ES2279704A1 - Polymer foam processing system using carbon dioxide as foaming agent, comprises modified extruder with heat exchanger, static mixer, viscometer and water injection nozzle - Google Patents

Abstract

System for processing thermoplastic polymeric foams, using carbon dioxide (CO{sub,2}) as foaming agent. The production of thermoplastic foams by extrusion using fluorocarbon nucleating agents (HCFC type), produces a high environmental impact and poor properties of the final product. To counteract these disadvantages, in recent years extrusion processes have been developed to obtain thermoplastic foams using CO{sub,2} as a foaming agent. In the production of foams with CO{sub,2} it is necessary to control the processing variables to obtain foams with satisfactory and homogeneous properties. Due to the high cost of the extruders specially designed for this purpose, it was decided to modify a single-screw extruder, designed to work with HCFC as a foaming agent, adding a heat exchanger/static mixer, a viscometer and a foaming needle to the production line. production; which allows controlling the processing conditions and obtaining a good quality final product.

Description

System for processing polymeric foams thermoplastics, using carbon dioxide (CO2) as foaming agent.

Object of the invention

The present invention refers to Single spindle extruder modifications to process controlled thermoplastic polymeric foams using carbon dioxide carbon (CO2) as a foaming agent.

Background of the invention

Foaming of polymeric materials is produced by dissolving in the molten polymer a substance, the agent foaming, which produces through physical or chemical processes the melt expansion. There are two types of agents foaming agents: chemical and physical agents.

Chemical foaming agents, such as HCFC, were the first to be used. They produce the dilation of the molten polymer mass when generating gases by chemical reaction within the mass of the polymer. It must have special care in the amount of chemical foaming agent that introduce since an excess of it remains unreacted Contaminating the foam.

On the other hand, physical agents (such as the CO 2) are inert gases injected into the extruder in the state of supercritical fluid and, once dissolved in the polymer mass, it depressurizes them in order to produce the melt expansion. Being gases, the foaming agents leave the polymeric mass once depressurized, avoiding contaminating the final product; this being its main advantage over foaming agents Chemicals

It is very interesting to produce foams thermoplastics through the extrusion process since this method It combines low cost with a good surface finish.

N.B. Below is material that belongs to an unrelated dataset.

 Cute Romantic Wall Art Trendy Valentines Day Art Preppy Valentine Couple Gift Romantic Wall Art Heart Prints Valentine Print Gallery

Yes during The dosing stage controls the temperature and pressure at in order to create the optimal conditions to inject so controlled a supercritical fluid, such as CO2, this is dissolve in molten plastic forming a homogeneous solution which, after being depressurized, will produce the foaming of the polymer.

Polymer Foaming Technology thermoplastics by extrusion using supercritical fluids (FSC) It is currently in full development. There are several patents where compositions and processing parameters are specified in order to  obtain polymeric foams using carbon dioxide as foaming agent (for example: Document JP2005088328, Document JP2002028963, among others). However, there is no document where specify the modifications to be made in a machine, originally designed to produce foams using agents foaming HCFC type, so that it can produce foams polymeric and control the processing parameters using carbon dioxide as a foaming agent.

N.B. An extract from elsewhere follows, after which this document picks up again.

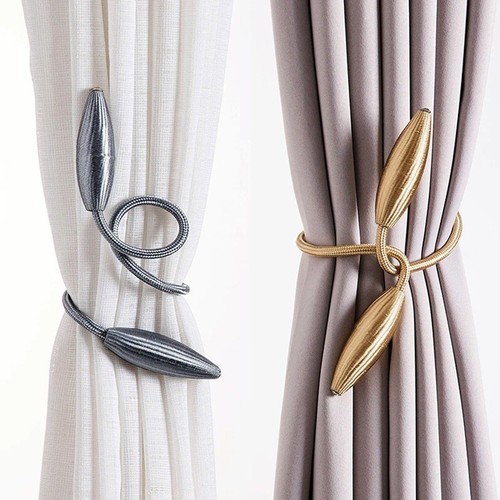 Pair twist curtain - twist, tie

In view of the above, to be able to produce foams by extrusion it is necessary to understand and control the variables that affect the behavior of the polymer solution and CO 2, inside the extruder. That is, control both the solubilization of the gas in the polymer as the evolution of the process, then analyze the effect of the process parameters on the extrusion of the material and the effects of these factors on the quality of the final product

Thus, to produce polymeric foams using CO2 as a foaming agent, it is necessary to control adequately the three steps in which the process consists:

2.1)

Solution Formation polymer / gas

2.2)

Cell nucleation

2.3)

Growth of cells and final form from the same

Description of the invention

The present invention integrates the following elements:

Mixers

In order to improve the formation of the solution, proposes the design of a dynamic mixer attached to the spindle of the thread extruder and a static mixer that acts as heat exchanger placed next to the extruder (figure 2).

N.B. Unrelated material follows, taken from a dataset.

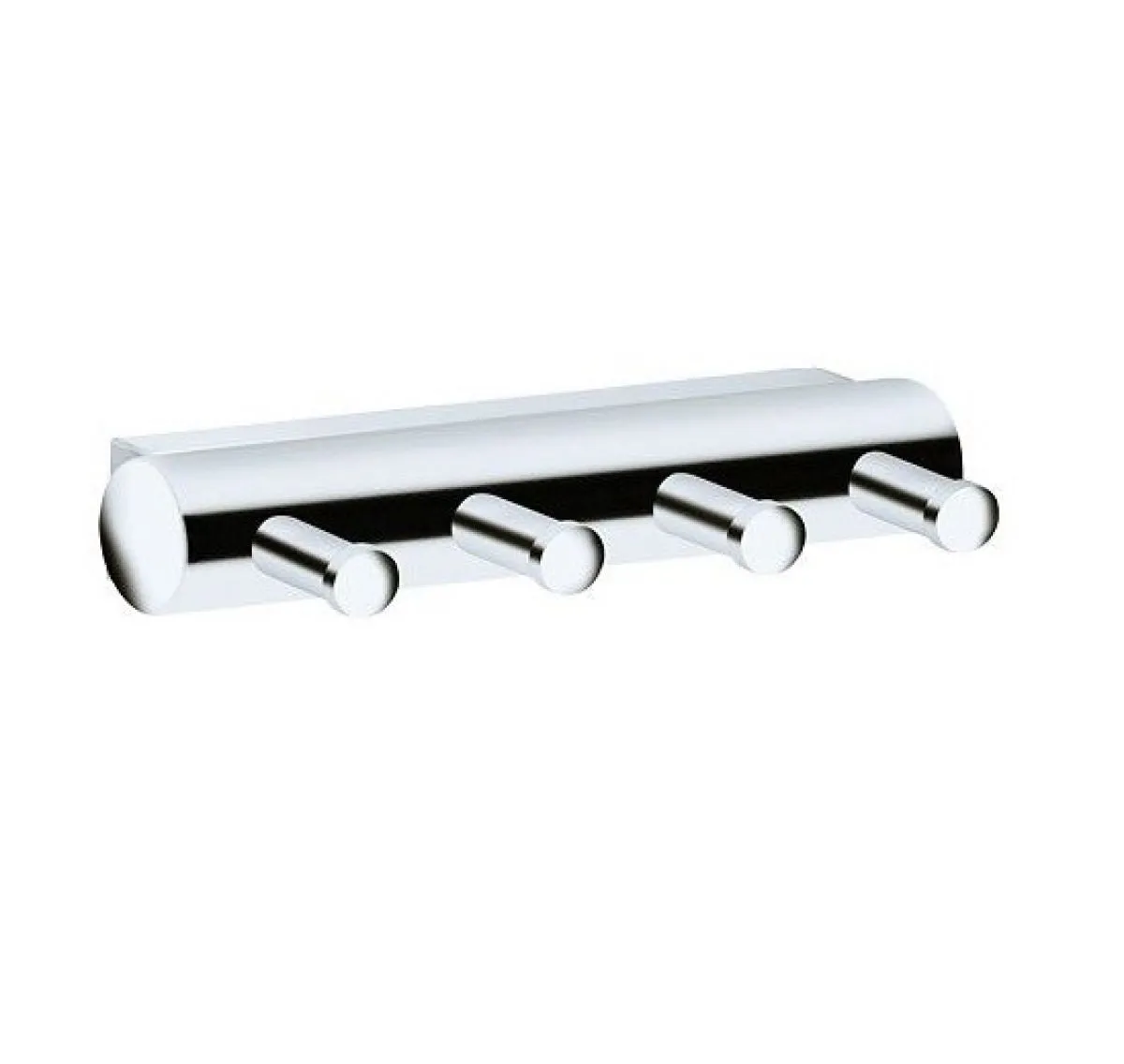 Keuco Plan Towel Hook Panel - with four hooks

The dynamic mixer, which is schematized in the Figure 3, consists of an extension of the extruder spindle, which in addition to having the profile of spindle fillets has longitudinal stretch marks, parallel to the direction of the axis of the spindle Fixing the dynamic mixer to the spindle of the Extruder is made using a thread. This design causes a cross mixing to the polymer flow channel thanks to the longitudinal stretch marks, thus improving the formation of the solution.

The static mixer that also acts as heat exchanger, consists of 5 copper tubes longitudinal and 2 streamers, also copper, concentric to rotation axis of the extruder spindle and placed in a housing that is fixed to the end of the heated extruder electrically with resistors and whose temperature is controlled by thermocouples. A liquid circulates inside the tubes coolant against current and in turbulent regime, while that the polymer solution circulates in the state in the housing molten. This arrangement allows to precisely control the temperature of the circulating polymer bed and thus regulate homogeneously both the viscosity of the solution and the solubility of both components with each other. On the other hand, the tubes they impede the creeping flow of the polymer, acting from this way as deflectors and thus improving the mixing of both components. Taking into account the transfer equations of heat in exchangers and the increase in pressure generated by the Mixer aggregate at maximum flow rate that is capable of delivering extruder, the exchanger was sized to be capable of varying the temperature of the polymer in 30 ° C. The exit of refrigerant communicates with an open pit tank what large enough to ensure that its temperature does not increase and maintain the steady state of the mixer static and its normal operation.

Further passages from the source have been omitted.